Saturday, April 8, 2017

Seed of Chucky (2004): Mini-Review

The fifth installment of the Chucky franchise is a decent entry but doesn't really stay true to the roots of the series. The 4th film started the slide into comedy, but this one, directed by Don Mancini, goes all the way.

Jennifer Tilly joined the franchise in the fourth movie as well, and she stars in this one. She is great as always and it definitely one of the highlights of the series in my book.

Brad Dourif also returns as the voice of Chucky and is fantastic as always.

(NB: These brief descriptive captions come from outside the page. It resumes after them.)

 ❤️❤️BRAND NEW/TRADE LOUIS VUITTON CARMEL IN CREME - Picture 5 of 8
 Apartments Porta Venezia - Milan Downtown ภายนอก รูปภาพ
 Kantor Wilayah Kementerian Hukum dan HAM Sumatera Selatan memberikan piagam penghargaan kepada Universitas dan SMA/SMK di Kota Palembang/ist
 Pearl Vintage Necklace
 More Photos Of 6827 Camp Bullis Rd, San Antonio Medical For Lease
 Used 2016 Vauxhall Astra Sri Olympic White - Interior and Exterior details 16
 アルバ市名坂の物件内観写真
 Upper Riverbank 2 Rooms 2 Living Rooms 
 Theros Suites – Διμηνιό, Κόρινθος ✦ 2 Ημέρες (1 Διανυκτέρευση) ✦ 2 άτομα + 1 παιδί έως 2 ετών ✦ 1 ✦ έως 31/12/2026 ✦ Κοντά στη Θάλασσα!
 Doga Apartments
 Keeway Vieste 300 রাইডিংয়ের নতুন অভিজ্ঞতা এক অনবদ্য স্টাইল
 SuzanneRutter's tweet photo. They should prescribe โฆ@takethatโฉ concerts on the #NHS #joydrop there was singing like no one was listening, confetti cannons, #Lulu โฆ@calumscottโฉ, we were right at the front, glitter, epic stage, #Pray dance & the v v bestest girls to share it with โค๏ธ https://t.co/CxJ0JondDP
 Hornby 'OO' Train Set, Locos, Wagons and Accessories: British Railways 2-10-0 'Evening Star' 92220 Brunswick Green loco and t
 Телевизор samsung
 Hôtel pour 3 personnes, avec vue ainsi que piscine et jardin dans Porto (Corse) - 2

For some reason, a lot of horror franchises in this era had films starring rappers. Halloween H20 had LL Cool J, Halloween: Resurrection had Busta Rhymes, and Seed of Chucky has Redman.

There is a significant subplot involving Redman playing himself and directing a movie that Jennifer Tilly, also as herself, is trying to get a role in. It's pretty funny that the role is for the Virgin Mary.

Tilly playing herself adds a bit of a meta quality and a convenient way for her to still appear in the flesh despite the events of the previous film. John Waters also appears in a small role and it's always entertaining seeing him, but it did feel a bit random.

The film centers around Chucky and Tiffany's child named Glen, while also going by Glenda at times in a fun reference to the classic B-movie Glen or Glenda. The character is pretty goofy and I'm not sure how I feel about his design.

Also, there's a lame bit about Britney Spears that feels out of place and seemed just to be an attempt at referencing someone in pop culture.

Seed of Chucky only has a 32 percent on Rotten Tomatoes, but this isn't surprising as somewhat silly horror films like these usually don't get great reviews. The IMDB rating is a bit better at 4.9 out of 10.

Overall the film is entertaining and has quite a few funny moments. If you liked the previous films in the series, you'd probably enjoy this one. Just keep in mind it's much more like the 4th than the original trilogy.